Vito was resting back against the edge of the table and talking on the phone in fast fluid Italian when she reappeared. Nervous as a cat facing a lion, Ava used the time to quietly load the china back onto the trolley but the image of him remained welded onto her eyelids: the tailored black business suit cut to precision on his very tall, broad shouldered and lean-hipped frame, the white shirt so crisp against his bronzed skin, the gold silk tie that echoed his eyes in sunlight. He was breathtakingly good-looking and exotic from the bold thrust of his high cheekbones and strong nose to his slashing dark brows and beautifully moulded sensual mouth. He hadn’t changed. He still exuded an aura of authority and crackling energy that whipped up a tension all of its own. Olly’s big brother, she thought painfully, and if only she had listened to Olly her best friend might still have been alive.
‘Stop trying to flirt with Vito, stop throwing yourself at him!’ Olly had warned her in exasperation the night of that fatal party. ‘You’re not his type and you’re too young for him and even if you weren’t, Vito would eat you for breakfast. He’s a predator with women.’

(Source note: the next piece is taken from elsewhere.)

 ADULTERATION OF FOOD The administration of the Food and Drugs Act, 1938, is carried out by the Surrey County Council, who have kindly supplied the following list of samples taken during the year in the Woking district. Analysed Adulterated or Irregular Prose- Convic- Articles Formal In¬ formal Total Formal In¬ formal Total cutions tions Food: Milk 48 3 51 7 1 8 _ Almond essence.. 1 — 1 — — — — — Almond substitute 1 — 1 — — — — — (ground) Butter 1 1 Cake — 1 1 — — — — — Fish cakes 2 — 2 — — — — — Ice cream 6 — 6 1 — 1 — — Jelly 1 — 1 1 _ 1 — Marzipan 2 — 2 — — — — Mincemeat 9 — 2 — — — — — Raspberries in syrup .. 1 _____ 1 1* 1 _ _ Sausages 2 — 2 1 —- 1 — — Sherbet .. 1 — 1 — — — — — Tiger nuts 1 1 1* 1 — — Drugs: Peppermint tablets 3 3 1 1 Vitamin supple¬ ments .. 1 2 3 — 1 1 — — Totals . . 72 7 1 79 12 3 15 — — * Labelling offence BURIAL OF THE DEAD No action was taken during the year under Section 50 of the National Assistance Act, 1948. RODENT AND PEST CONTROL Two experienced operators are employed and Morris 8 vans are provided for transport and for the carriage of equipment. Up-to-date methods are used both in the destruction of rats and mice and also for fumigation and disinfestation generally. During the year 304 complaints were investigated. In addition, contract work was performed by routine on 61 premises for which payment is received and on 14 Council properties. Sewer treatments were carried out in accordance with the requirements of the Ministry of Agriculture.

Back then Vito’s type had been sleek, blonde, elegant and sophisticated, everything Ava was not, and the comparison had torn her up. He had been out of reach; so far above her it had broken her heart. She had become obsessed by Vito Barbieri, wildly infatuated as only a stubborn lovelorn teenager could be, cherishing every little scrap of information she could find out about him. He took sugar in his coffee and he liked chocolate. He supported several children’s charities that dispensed medical aid in developing countries. He had suffered a challenging childhood when his parents broke up and his father took to alcohol and other women to assuage his grief. He loved to drive fast and collected cars. Although he had perfect teeth he hated going to the dentist. The recollection of all those once very much prized little facts sank Ava dangerously deep into the clinging tentacles of the past she had buried.
‘We’ll talk in my office next door,’ Vito decreed, having come off the phone. He moved away from the table and opened a door on the other side of the room. ‘Leave the damn trolley!’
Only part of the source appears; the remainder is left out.